Belated though it maybe, I need to state on the record that this was one of the biggest non-stories of the year. (That is, a lot of fuss made by media over something that really didn't merit the attention.)
Most stories I saw had a mocking tone to them, expressing either pity or mild derision for the person silly enough to not buy the winning ticket. The Telegram broke the story on June 3, in a brief story that I will reproduce here:
Someone shopping at the Corner Store in Goulds recently changed their mind about buying a lottery ticket that could've netted them a cool $30 million in the Lotto Max draw.
Atlantic Lottery Corp. spokeswoman Jennifer Dalton said the ticket had been printed but the sales clerk voided the ticket at the request of the customer.
When the draw was held May 21, the printed number matched those for the jackpot of $30 million, she said.
Dalton didn't know why the customer rejected the ticket, but she said sometimes people don't like the numbers which are chosen randomly by the lotto computer.
Sometimes when a ticket is rejected the clerk buys it because it could be a winner, but Dalton says the correct course of action is to void the ticket. Dalton hasn't heard of too many voided tickets turning out to match the winning numbers for a large jackpot.
It's one of the biggest, if not the biggest ever, she said of the Goulds voided ticket.
When we all heard about it here in the office, to have a $30-million winner in Newfoundland and Labrador, it would have been such a huge celebration for us. We would have loved to see that come here.
She said each month there are about 52,500 cancelled tickets throughout Atlantic Canada.
Contacted for comment about what transpired at his store, Corner Store owner Shawn Noel just laughed and said, I don't want it to come out.
He referred media inquires to the Atlantic Lottery Corp.
This sounds almost like a legitimate story, because it doesnt explain the reason the purchaser rejected the ticket. It speculates that sometimes people don't like the numbers which are chosen randomly by the lotto computer.
Of course, that wasnt the reason. Later that day, a Canadian Press story reported that the customer asked for a $10 ticket, but rejected it when the cashier printed a $27 ticket by mistake.
Can you blame this person for saying, No, thank you to an item that cost 270 percent more than expected?
I spoke to someone last night, who said they have rejected lottery tickets several times because the cashier included the $1 Tag option. I didnt want Tag so I said no, give me a new ticket, this person said. And I ask you: is that such a big deal? You have a right to take what you ask for; to not accept the clerks mistake.
Media coverage also revealed that 52,500 lottery tickets are voided every month, for any number of reasons.
Finally, one of those voided tickets matches the winning numbers.
And the media goes nuts.
Now, if the person had rejected the ticket because, as suggested in The Telegram story, they didnt like the numbers, that might be newsworthy.

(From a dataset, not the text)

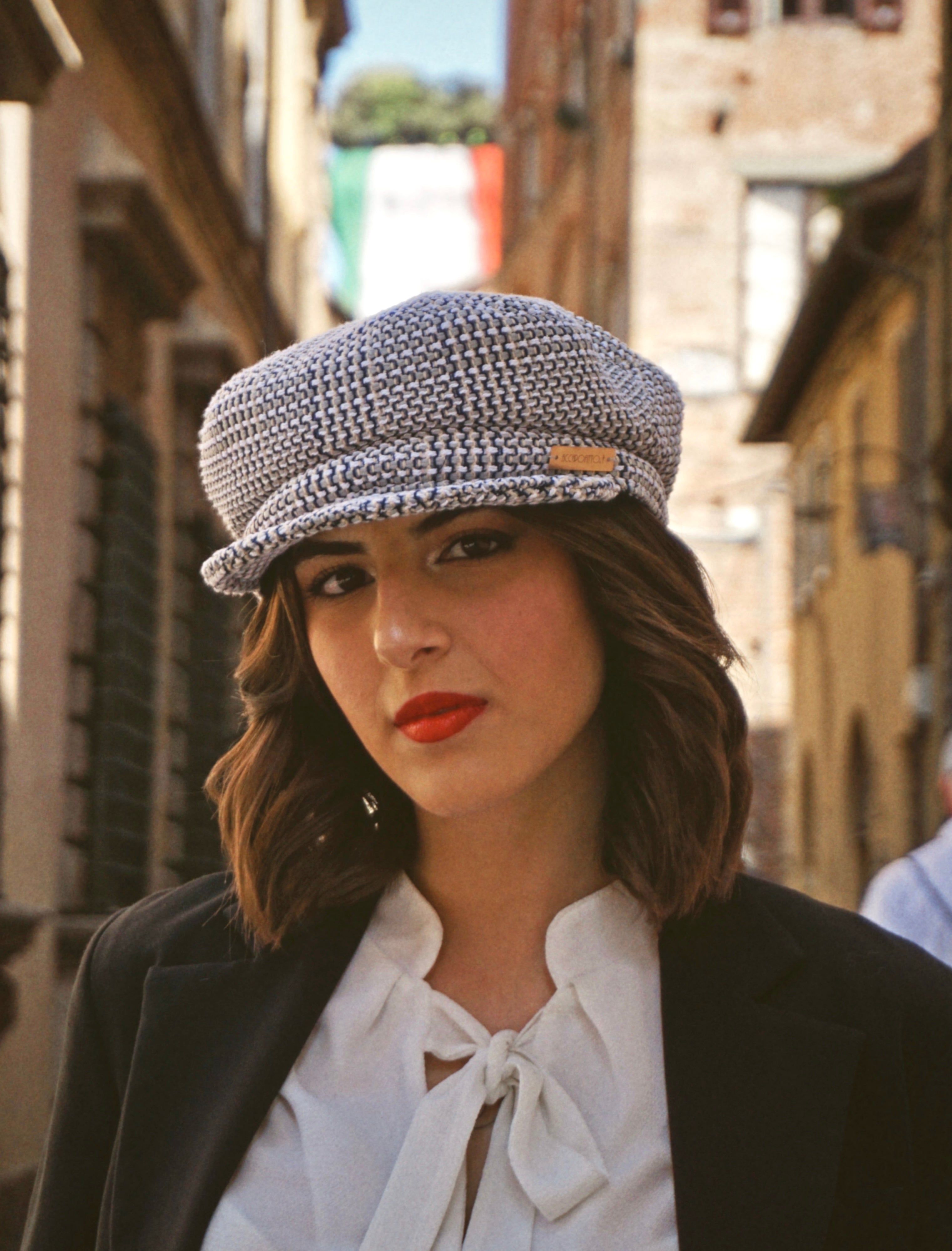 Cappello sailor hat del brand Accapofitto, con tessuto intrecciato sui toi del beige e del blu, targhetta dorata con logo. Indossato dalla modella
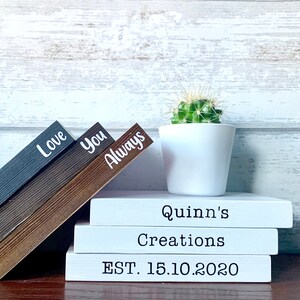 May include: A stack of four white books with black text. The top book says "Quinn's Creations" and the bottom book says "EST. 15.10.2020". Three wooden blocks with the words "Love", "You", and "Always" are stacked on top of the books. A small potted cactus is to the right of the books.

But not this. No way. The shopper was being overcharged. They quite rightly refused to pay $17 more than planned. If fault must be assigned, its to the cashier who screwed up. No media story made that point.
The store owner, to his credit, tried to play down the incident, telling The Telegram that he didnt want the story to come out.
ALC, on the other hand, was all about it. Their spokesperson said it would have been really great to celebrate a $30 million win in this province. However, their eagerness to talk about this incident suggests another motive: to make more money, by reducing the number of voided tickets every month. That could be inferred from this quote in a CBC online story:
It's always their choice whether they want to continue with the purchase or not, (the ALC spokesperson) said. However, she acknowledged that the jackpot that got away may make some customers think twice when they see a set of numbers that don't meet their initial fancy.
I'm sure there's going to be lots of people out there reconsidering whether they want to cancel tickets, she said.
The net effect of all this media coverage, intentional or otherwise, was to make this unlucky patron look like some kind of fool; a patsy for the rest of us to mock and pity.
The message, implied over and over again, was that people should not cancel lottery tickets even when it costs almost three times what you had intended to pay.
I repeat: the unidentified shopper did nothing wrong.
And the only patsies here were the media, who played right into ALCs strategy to reduce the number of voided tickets.
I have received a couple of notes offline, from journalists and communications people, pointing out that ALC did not initiate this story. I didnt say they did, but nor did I say they didnt. What Ive been told is that word spread out through the community, possibly through a store employee, and the media picked up on it from there. However, that doesnt change the way ALC reacted when reporters came calling, particularly the quote about lots of people out there reconsidering whether they want to cancel tickets.
Some reporters have defended the story, but I dont think it had merit. More than 50,000 tickets are voided every month. That one of them finally wins is not such a big deal, especially when the customer rejected the ticket because they were being overcharged by 270 percent.